I’ve been waiting since June to upgrade my phone, and because (for some unknown reason), Apple decided to move the launch of the iPhone to September/October, I had a while to wait. In the mean time, we got the Google Nexus 7 Tablet (which I reviewed here). This gave me my first taste of Android and anything other than iOS.
When the iPhone 5 was launched, other than the bigger screen, I wasn’t much impressed with the upgrade, and the thought of moving to Android became a great possibility. This all culminated in ordering the Samsung Galaxy Note II which arrived earlier this week in the UK. I have spent most of the week with it now, so here is my review.
The obvious feature of the Galaxy Note II is the shear size. I remember looking at the first Note in the store and thinking what a ridiculous size it was. The Galaxy Note II has a bigger Super AMOLED screen of 0.22 inches, taking it to 5.55 inches (1280 x 720), which really earns it the nickname of Phablet. Not only has the screen grown, although not the overall size (the Note was 146.85 mm tall by 82.95mm wide and 9.65 thick. The Note 2 is 151.1 mm tall by 80.5 mm wide and 9.4 mm thick So slightly taller but thinner and less wide), but the redesigned S Pen has also gained some girth and length. This gives the S Pen a better feel in the hand, and makes it less like a Nintendo DS stylus and more like a small pen.

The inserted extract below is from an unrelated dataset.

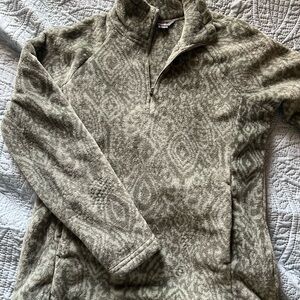 Women’s green Eddie Bauer quarter zip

As you can see, the new S Pen is about half a cm wide and is of a triangular shape, fitting in the hand nicely. Inside, the Galaxy Note II is powered by a 1.6 Exynos quad core processor and 2 Gb of RAM. This makes the device speed along keeping up with any phone on the market. To run that power house, the Galaxy Note II has a 3,100mAh battery which not only keeps the phone running happily through the day, but also run the incredible hardware. I charge the phone in the morning and spent the rest of the day playing with it trying out as many features as I could. I went to bed, read the user manual and then left the phone on as my bedside clock. I’m not sure exactly what time it turned off, but I know it was running low at 4am, which gives it close to 20 hours running time (I will do a further, more in-depth test along with full bench test scores in a later post).

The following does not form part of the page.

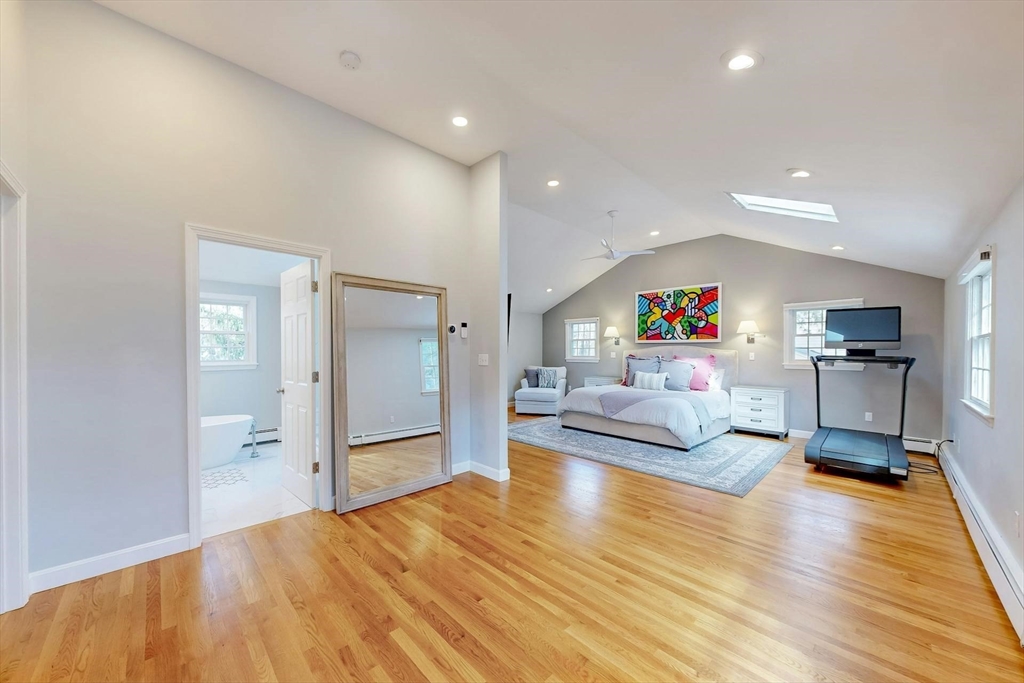 29 Kenney Rd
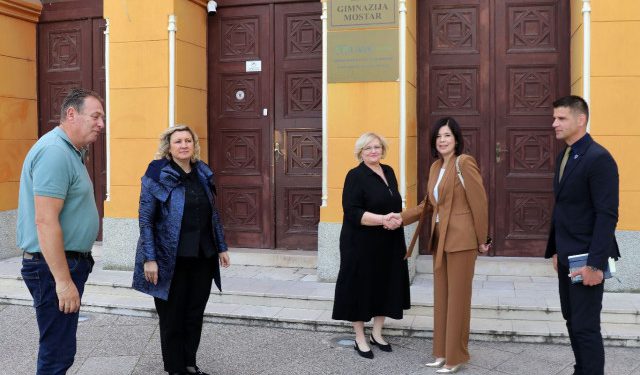 Vlasti obišle Gimnaziju Mostar i najavile strože mjere nakon napada na učenike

The back shows the 8 MP camera (same as the Note and Galaxy S III) whilst the front has a slightly smaller 1.8MP camera (same as GS III, Note had a 2 MP). The camera’s allow for video calls, and have modes like Smile, beauty, multishot, face detection, Share shot (where you can share the photo’s with friends via WiFi Direct), Panorama, Buddy Share (which will detect the faces of those in the picture and share the photo with them automatically), HDR, Smile shot (which will only take the photo when everyone is smiling and looking at the camera) and Low light shot. This means that any other photo app on the Play store is close to obsolete. There are also numerous filters you also find on the GS III (like Vintage, solarise and Blue, green and yellow filters). You can also record full 1080p video and shoot photo’s at the same time (although bear in mind the Note II’s screen is only 720p resolution). Finally, the front of the phone has a proximity sensor, ambient light sensor and a LED.
Finally, the Galaxy Note II has all the connection abilities you would expect of an Android phone, such as 3G, WiFi, NFC and S Beam, Bluetooth 4 and is 4G/LTE ready.